SOURCE MATERIAL Block Start

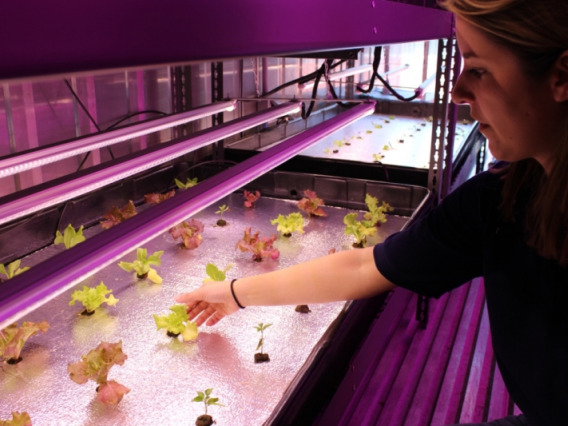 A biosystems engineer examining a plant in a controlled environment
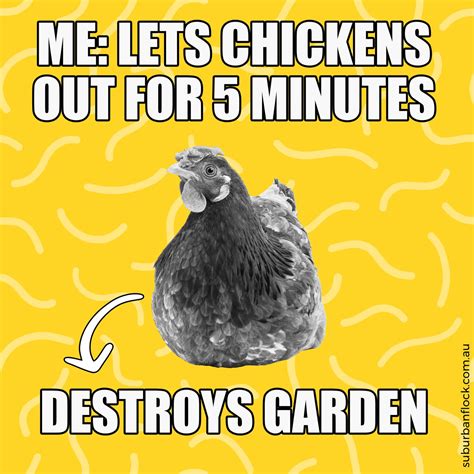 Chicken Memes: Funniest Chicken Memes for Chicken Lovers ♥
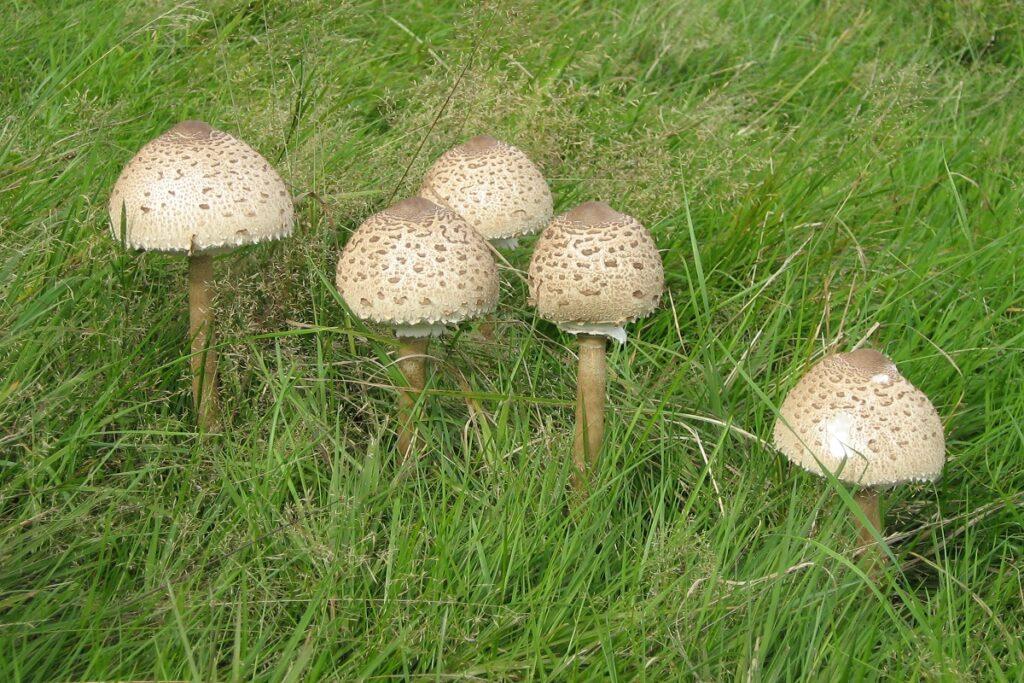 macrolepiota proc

SOURCE MATERIAL Block End
SOURCE MATERIAL Block Start

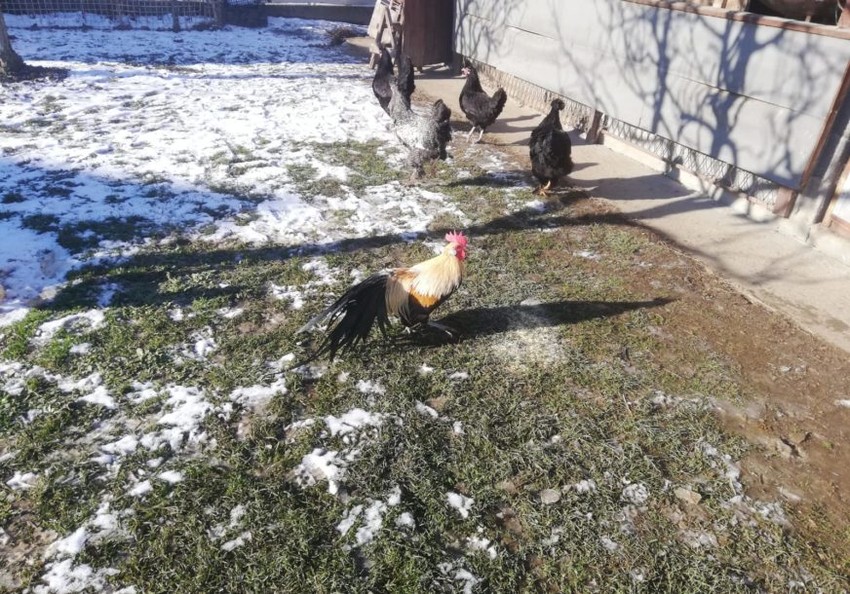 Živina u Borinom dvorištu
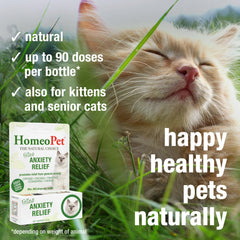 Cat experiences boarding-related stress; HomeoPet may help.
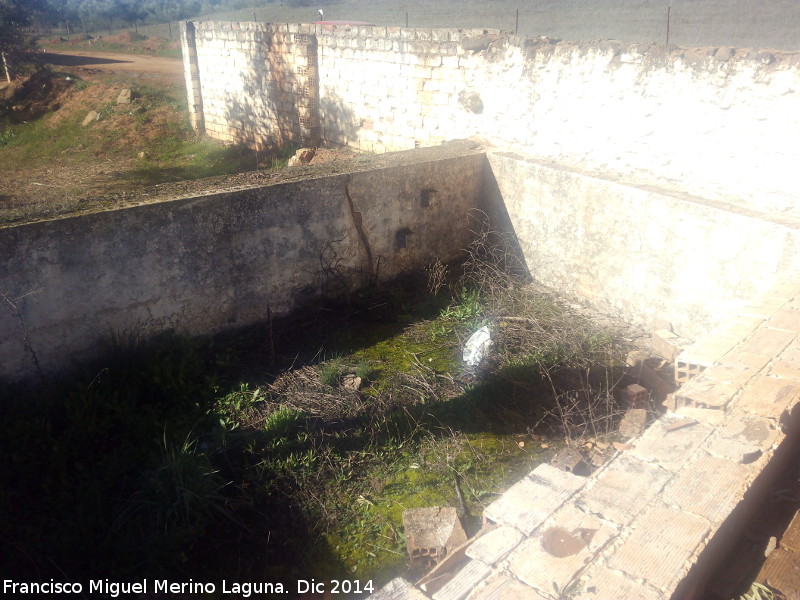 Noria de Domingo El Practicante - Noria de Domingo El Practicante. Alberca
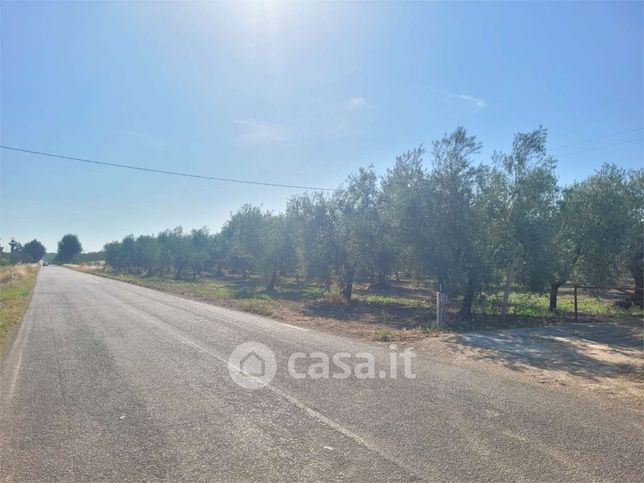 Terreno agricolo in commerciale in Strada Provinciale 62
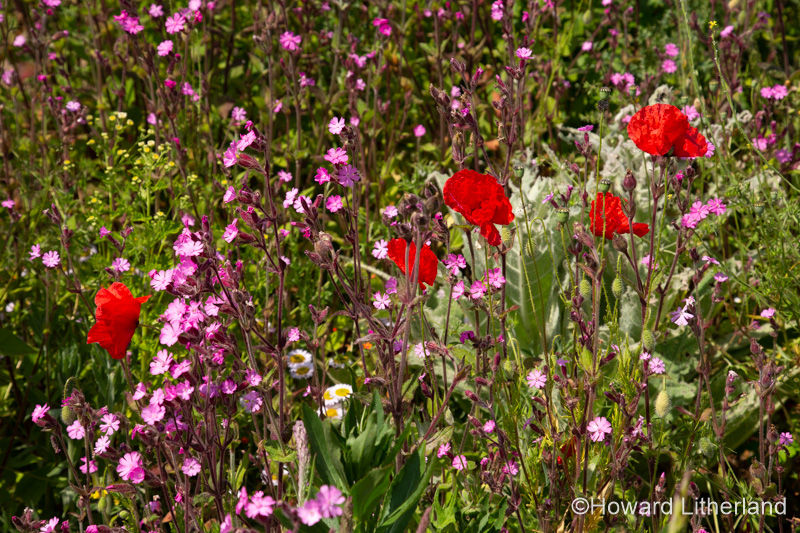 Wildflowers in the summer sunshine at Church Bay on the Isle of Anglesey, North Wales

SOURCE MATERIAL Block End

▶ [WHAT NEEDS TO BE DONE]: Precisely those lines above that run from the line with "Chicken Memes: Funniest" up to and including the line with "macrolepiota proc" are to be set down, with the pictures omitted.

▶ [ANSWER AREA]:
 Chicken Memes: Funniest Chicken Memes for Chicken Lovers ♥
 macrolepiota proc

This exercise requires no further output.